### The problem
With pictures left out, return only the lines from the line containing "О товаре Real VR Fishing" through the end of the material below, both included.

### Entries supplied
>>>
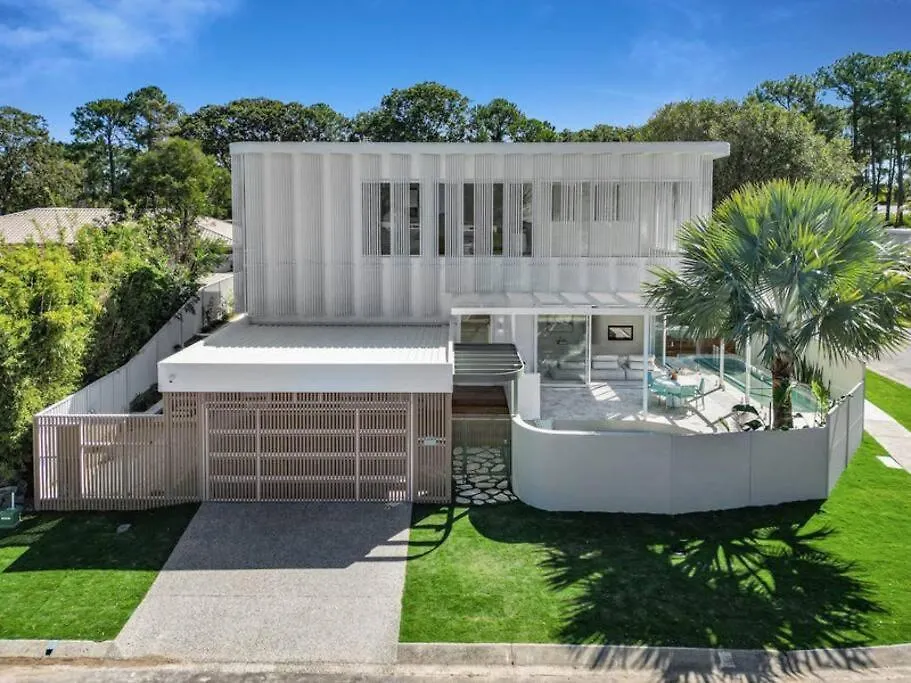 Luxury Mermaid Waters Ferienhaus *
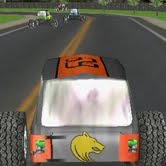 3D Jip Yarışı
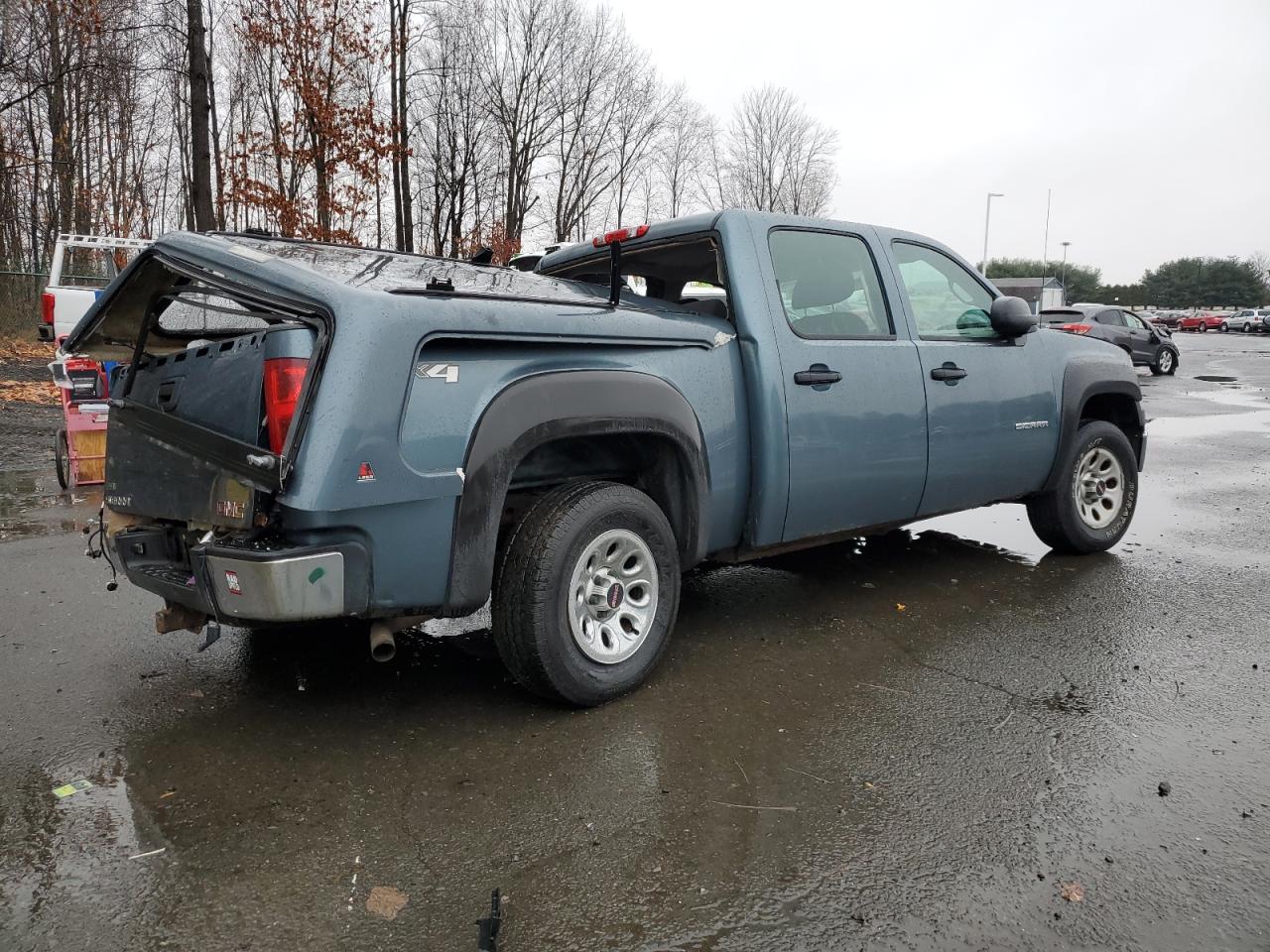 Lot #3033392880 2010 GMC SIERRA K15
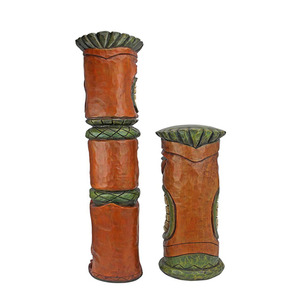 Custom <strong>Tiki</strong> <strong>bar</strong> Decoration fairy House <strong>Accessories</strong> Wholesale Resin <strong>Tiki</strong> Statue - Product Image 5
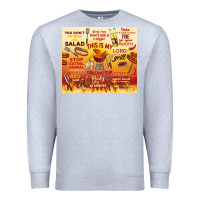 Heather Grey this is my grilling cup Premium Sweatshirt - TumblerDesignByShophia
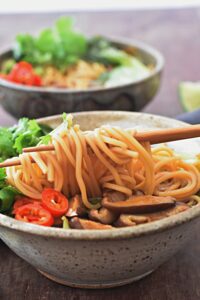 easy homemade ramen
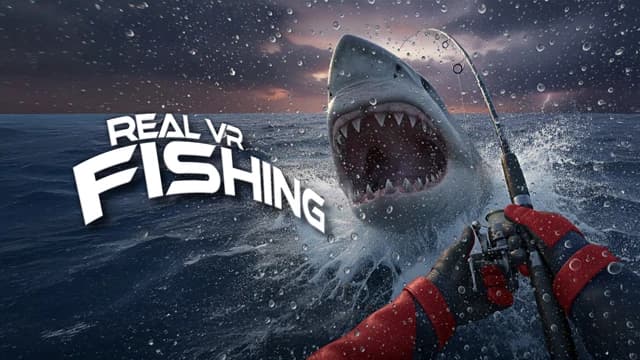 О товаре Real VR Fishing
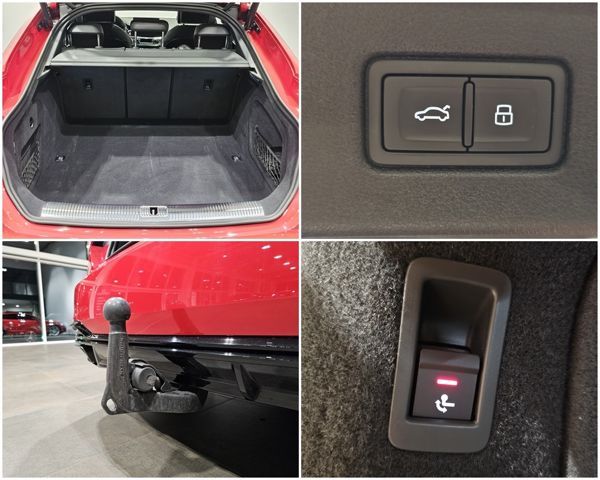 Audi A5 Sportb 45 TFSI Q. S Line Comp.Matrix Pano VOL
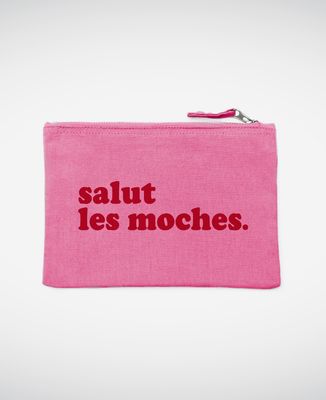 Pochette Salut les moches (femme)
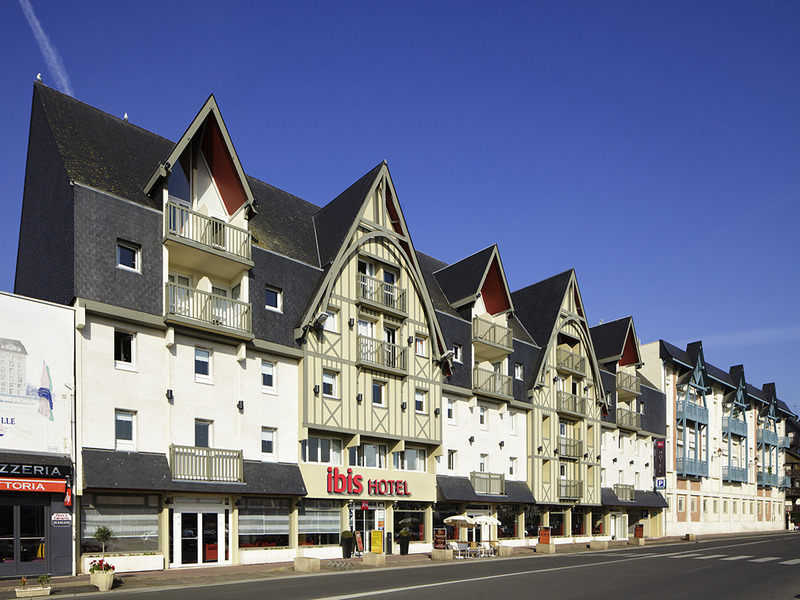 Ibis Styles Deauville Centre - Genel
<<<
### Final answer
 О товаре Real VR Fishing
 Audi A5 Sportb 45 TFSI Q. S Line Comp.Matrix Pano VOL
 Pochette Salut les moches (femme)
 Ibis Styles Deauville Centre - Genel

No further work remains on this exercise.